╭─ Raw data
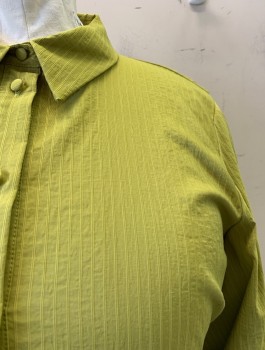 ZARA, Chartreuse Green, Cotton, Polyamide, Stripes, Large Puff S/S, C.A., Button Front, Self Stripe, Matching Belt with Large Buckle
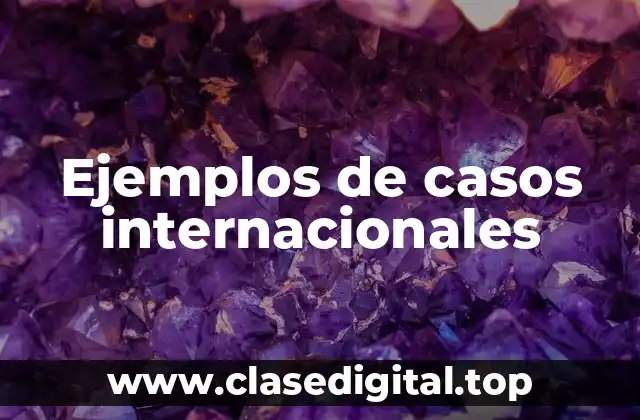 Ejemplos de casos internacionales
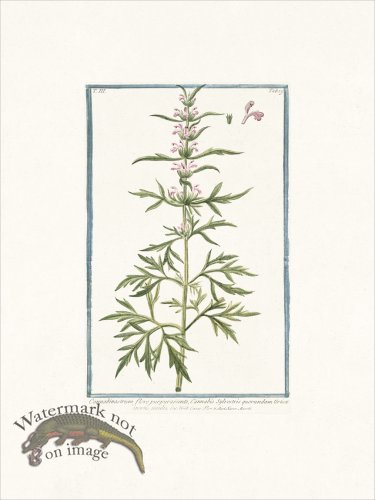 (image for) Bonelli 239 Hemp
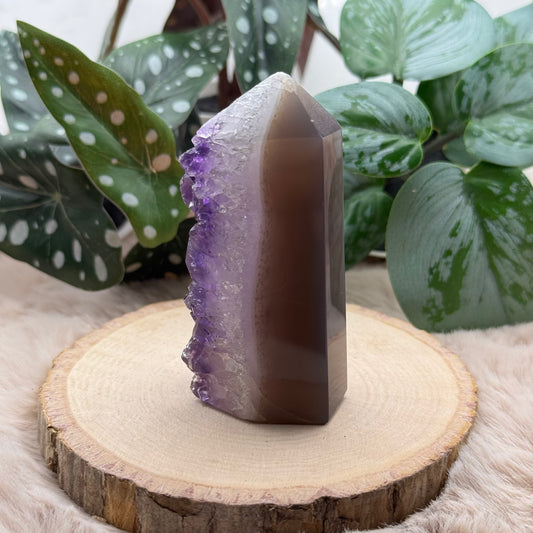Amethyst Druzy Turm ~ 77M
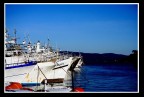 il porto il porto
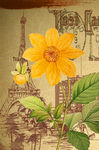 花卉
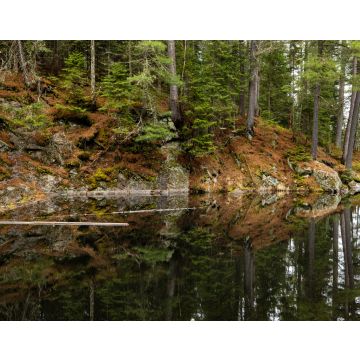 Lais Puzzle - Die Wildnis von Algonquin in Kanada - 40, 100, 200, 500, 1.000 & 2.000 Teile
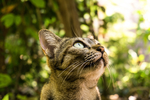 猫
╰─
**Exercise goal:** Copying starts at the line containing "(image for) Bonelli 239 Hemp" and ends at the last line of the material above; repeat only those lines exactly and omit the pictures.

**Reply to the task:**
 (image for) Bonelli 239 Hemp
Amethyst Druzy Turm ~ 77M
 il porto il porto
 花卉
 Lais Puzzle - Die Wildnis von Algonquin in Kanada - 40, 100, 200, 500, 1.000 & 2.000 Teile
 猫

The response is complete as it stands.